In Chad, UN agency to relocate Central African refugees fleeing marauders

In Chad, UN agency to relocate Central African refugees fleeing marauders

Newly arrived refugees grind millet at the Maya border crossing
As refugees in Chad who are fleeing a fresh wave of village raids in the Central African Republic (CAR) swell to 14,000 in number, the United Nations refugee agency said today it will begin moving them to more accessible areas away from the border.

“We plan to begin the first refugee transfers today, Friday, to a temporary site near the village of Dembo, 25 kilometres inland from the border where tents, blankets, plastic sheeting, jerry cans, and food aid will be distributed,” a spokesman for the UN High Commissioner for Refugees (UNHCR) said in Geneva.

The refugees say they have been fleeing armed raids, looting and house torching in the lawless reaches of north-eastern CAR and blame most of the violence on rival armed groups and on the zaraguina – bandits – who rustle cattle and abduct children for ransom.

There is disagreement, however, about moving from the border among the refugee leaders, many of whom told UNHCR official Fatta Kourouma during a recent visit to the town of Maya, where refugees have overburdened local resources, that they want to remain close to their homes in CAR.

"I know many of you feel attached to your homes even though you're here in Chad, but we can't accept leaving you so close to the border," Kourouma, who heads the refugee agency's office in Danamadji, told them. "When the rainy season arrives [in April], we won't be able to get food and supplies here by road."

Other factors that lead to the move, UNHCR said, include the conflict within Chad last month, which saw rebel forces briefly enter the capital N'Djamena.

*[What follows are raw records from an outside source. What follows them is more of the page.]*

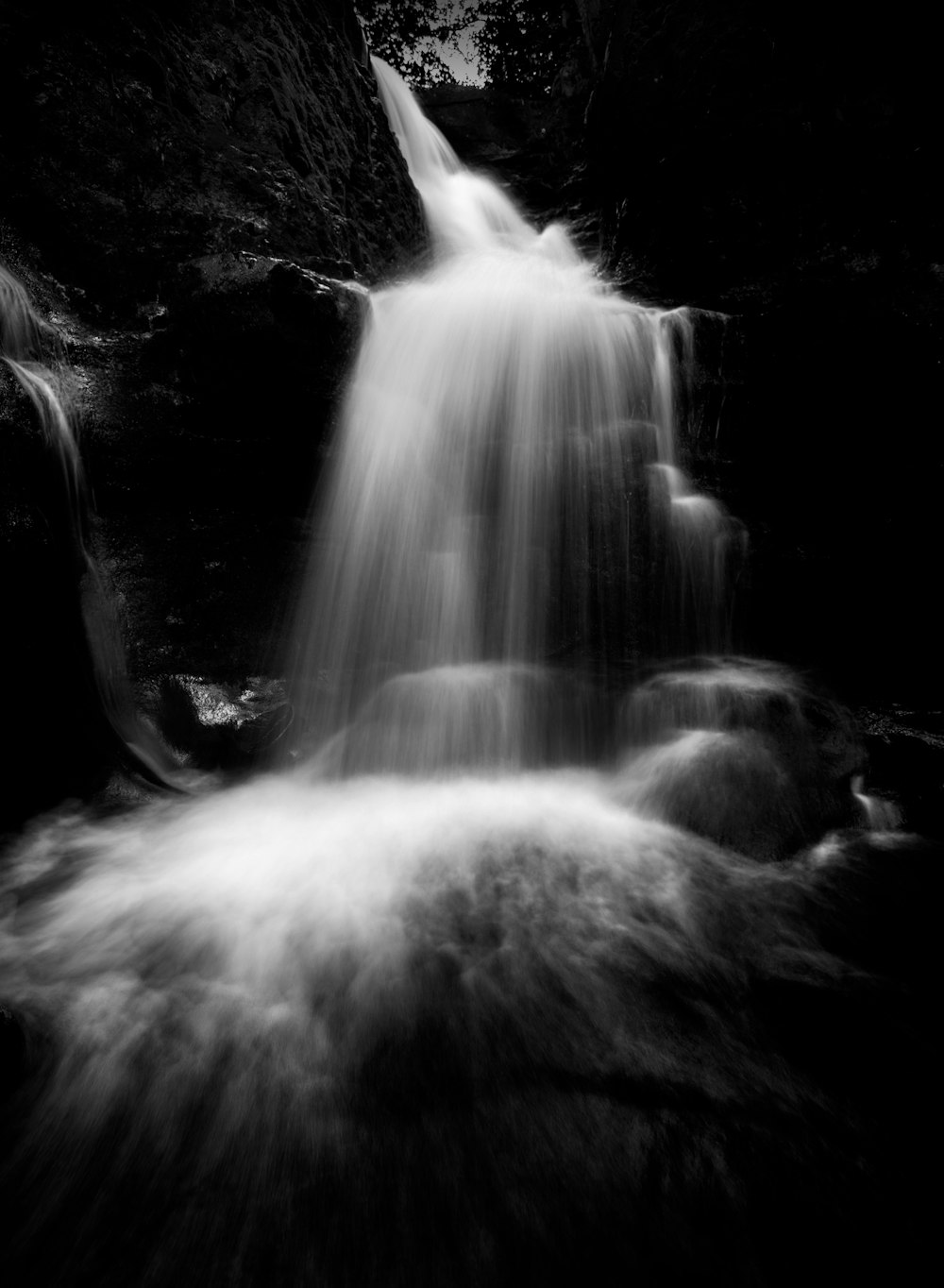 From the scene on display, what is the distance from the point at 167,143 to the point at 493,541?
5.99 metres

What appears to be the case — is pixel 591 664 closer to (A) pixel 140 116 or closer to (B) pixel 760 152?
(A) pixel 140 116

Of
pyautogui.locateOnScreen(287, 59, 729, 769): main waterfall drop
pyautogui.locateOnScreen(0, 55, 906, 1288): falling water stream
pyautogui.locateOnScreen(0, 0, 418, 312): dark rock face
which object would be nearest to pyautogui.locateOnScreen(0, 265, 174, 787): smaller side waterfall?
pyautogui.locateOnScreen(0, 55, 906, 1288): falling water stream

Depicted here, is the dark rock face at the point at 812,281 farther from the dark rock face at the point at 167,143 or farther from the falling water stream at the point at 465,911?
the dark rock face at the point at 167,143

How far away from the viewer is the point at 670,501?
666cm

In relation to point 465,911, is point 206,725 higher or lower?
higher

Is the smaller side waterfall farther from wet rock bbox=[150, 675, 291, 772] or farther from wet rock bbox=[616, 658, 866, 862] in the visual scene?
wet rock bbox=[616, 658, 866, 862]

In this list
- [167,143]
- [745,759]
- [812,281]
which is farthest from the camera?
[812,281]

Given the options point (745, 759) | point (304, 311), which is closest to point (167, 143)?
point (304, 311)

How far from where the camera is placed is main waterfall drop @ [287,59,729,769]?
5883mm

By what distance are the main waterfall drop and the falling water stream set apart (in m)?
0.04

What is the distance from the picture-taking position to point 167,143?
664cm

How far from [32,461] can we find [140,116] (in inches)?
201

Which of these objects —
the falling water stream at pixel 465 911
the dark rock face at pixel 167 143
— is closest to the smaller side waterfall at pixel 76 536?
the falling water stream at pixel 465 911

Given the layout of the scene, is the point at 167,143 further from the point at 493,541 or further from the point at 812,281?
the point at 812,281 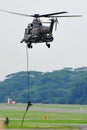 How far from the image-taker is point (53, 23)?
193ft

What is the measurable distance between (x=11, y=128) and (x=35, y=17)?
112ft

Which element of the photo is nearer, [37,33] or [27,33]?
[37,33]

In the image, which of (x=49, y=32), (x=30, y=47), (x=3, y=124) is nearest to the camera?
(x=30, y=47)

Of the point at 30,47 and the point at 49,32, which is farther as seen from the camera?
the point at 49,32

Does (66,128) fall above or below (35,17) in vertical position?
below

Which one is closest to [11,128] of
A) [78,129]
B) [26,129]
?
[26,129]

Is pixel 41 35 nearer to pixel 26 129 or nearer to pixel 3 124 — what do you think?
pixel 26 129

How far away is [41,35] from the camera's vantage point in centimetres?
5706

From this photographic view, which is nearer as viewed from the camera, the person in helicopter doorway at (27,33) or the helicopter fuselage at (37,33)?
the helicopter fuselage at (37,33)

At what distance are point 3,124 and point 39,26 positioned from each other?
1627 inches

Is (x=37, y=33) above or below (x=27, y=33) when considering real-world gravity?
above

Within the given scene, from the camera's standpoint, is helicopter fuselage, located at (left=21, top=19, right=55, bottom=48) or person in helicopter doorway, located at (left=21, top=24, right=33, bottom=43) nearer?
helicopter fuselage, located at (left=21, top=19, right=55, bottom=48)

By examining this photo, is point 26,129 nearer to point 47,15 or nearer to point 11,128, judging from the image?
point 11,128

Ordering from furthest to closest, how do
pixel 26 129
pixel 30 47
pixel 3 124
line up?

Thousands of Chadians fled to neighbouring Cameroon, while the refugee agency evacuated much of its staff.

Before the latest influx, Chad was hosting some 45,000 CAR refugees at four sites in the south. There are a further 240,000 refugees at 12 UNHCR-run camps in eastern Chad, while a further 180,000 Chadians have been displaced in the south-east.

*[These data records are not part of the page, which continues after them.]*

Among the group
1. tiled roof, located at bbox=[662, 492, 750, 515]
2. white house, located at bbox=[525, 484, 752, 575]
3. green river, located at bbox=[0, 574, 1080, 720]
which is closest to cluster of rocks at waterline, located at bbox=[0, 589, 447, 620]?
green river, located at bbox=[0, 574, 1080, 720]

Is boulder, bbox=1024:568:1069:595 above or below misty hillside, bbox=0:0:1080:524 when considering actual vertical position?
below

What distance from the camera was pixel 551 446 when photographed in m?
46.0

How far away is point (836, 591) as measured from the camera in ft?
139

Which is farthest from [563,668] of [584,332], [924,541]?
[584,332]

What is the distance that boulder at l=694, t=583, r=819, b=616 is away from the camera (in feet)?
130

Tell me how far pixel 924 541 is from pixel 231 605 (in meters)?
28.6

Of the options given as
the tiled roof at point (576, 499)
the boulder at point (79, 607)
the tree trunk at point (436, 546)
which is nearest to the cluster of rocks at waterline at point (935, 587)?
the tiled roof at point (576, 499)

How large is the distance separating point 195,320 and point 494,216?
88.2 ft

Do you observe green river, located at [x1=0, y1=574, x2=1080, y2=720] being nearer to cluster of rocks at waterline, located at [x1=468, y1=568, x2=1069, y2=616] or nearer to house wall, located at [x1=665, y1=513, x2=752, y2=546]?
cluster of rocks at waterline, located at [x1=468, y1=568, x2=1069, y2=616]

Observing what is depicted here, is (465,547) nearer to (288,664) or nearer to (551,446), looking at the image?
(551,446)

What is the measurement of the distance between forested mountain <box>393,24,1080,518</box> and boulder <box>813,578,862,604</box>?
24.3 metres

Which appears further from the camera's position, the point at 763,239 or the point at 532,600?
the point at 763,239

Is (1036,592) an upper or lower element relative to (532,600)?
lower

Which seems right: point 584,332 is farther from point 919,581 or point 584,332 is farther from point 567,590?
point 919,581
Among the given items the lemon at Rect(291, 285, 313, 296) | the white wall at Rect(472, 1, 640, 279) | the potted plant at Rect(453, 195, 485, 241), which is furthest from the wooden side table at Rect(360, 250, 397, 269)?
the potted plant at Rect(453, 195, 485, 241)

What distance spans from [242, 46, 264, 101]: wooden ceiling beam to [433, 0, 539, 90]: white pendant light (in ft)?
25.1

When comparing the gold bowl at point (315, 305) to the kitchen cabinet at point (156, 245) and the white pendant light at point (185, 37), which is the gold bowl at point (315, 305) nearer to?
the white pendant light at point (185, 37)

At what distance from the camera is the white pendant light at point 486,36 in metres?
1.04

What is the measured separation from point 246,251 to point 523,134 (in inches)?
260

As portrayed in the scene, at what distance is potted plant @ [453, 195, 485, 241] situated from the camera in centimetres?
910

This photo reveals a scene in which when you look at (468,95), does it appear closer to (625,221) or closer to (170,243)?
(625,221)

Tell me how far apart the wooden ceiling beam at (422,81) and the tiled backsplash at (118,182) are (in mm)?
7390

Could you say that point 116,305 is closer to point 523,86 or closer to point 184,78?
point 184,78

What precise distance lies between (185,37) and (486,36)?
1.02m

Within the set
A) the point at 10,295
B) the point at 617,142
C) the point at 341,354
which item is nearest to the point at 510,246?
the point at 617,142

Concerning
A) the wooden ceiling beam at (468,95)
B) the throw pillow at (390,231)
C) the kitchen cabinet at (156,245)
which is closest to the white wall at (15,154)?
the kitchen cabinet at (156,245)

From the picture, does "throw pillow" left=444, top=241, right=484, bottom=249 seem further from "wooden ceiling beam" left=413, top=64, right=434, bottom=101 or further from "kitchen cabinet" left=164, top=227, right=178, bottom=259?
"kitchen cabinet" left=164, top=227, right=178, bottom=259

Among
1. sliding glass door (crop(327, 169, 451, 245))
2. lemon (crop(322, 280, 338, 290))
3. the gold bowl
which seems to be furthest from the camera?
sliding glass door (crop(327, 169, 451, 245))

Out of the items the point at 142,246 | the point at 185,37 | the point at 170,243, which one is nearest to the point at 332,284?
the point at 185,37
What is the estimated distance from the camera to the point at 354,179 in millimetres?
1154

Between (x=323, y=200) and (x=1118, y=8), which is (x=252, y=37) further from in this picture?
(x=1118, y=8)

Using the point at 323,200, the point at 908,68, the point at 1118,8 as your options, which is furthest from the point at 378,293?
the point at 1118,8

Meanwhile, the Secretary-General today appointed Rima Salah of Jordan as the new Deputy Special Representative for the UN Mission in the CAR and Chad (MINURCAT), established by the Council last September to help bolster regional security in the countries bordering the war-ravaged Darfur area of Sudan.

Ms. Salah is the former Deputy Executive of the UN Children’s Fund (UNICEF), where she had worked for nearly twenty years.

The mission aims to be an innovative, multidimensional security presence including European Union military forces and comprising 300 police and 50 military liaison officers, as well as civilian staff that focus on civil affairs, human rights, the rule of law and mission support.